W trakcie wyprawy będzie zbierał pieniądze na operację Wojtka Jackiewicza. Chłopiec cierpi na rzadkie schorzenie - w jego prawej nodze brakuje kości piszczelowej i grozi mu amputacja. Ratunkiem jest operacja w Stanach Zjednoczonych.
Kiedy do pana Dariusza zadzwoniła mama Wojtka, międzychodzianin długo się nie zastanawiał:
Ja właściwie planowałem prywatną jazdę, ale zgłosiła się do nas mama Wojtusia. Wtedy zorganizowaliśmy event tutaj na molo. Pomyślałem, że fajną sprawą byłoby przy okazji mojego wyjazdu zogranizować takie coś jak zbiórka pieniędzy podczas jazdy rowerem. Zorganizowałem wspólną rozmowę z przewodniczącym Fundacji Olandia i doszliśmy do wniosku, że jest to możliwe, żeby coś takiego zrobić.

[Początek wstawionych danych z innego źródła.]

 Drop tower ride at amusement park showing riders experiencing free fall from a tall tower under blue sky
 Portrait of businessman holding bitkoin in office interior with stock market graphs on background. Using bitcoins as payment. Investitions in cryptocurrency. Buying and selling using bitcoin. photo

Operacja Wojtka miałaby odbyć się na początku września. Do tej pory dzięki zbiórce na portalu Siępomaga udało sie zebrać ponad 700 tysięcy z potrzebnego miliona złotych. Dariusz Wawrzyniak podkreśla, że wsparcie akcji zapowiedzieli także samorządowcy miast, które odwiedzi. Tych będzie ponad 30.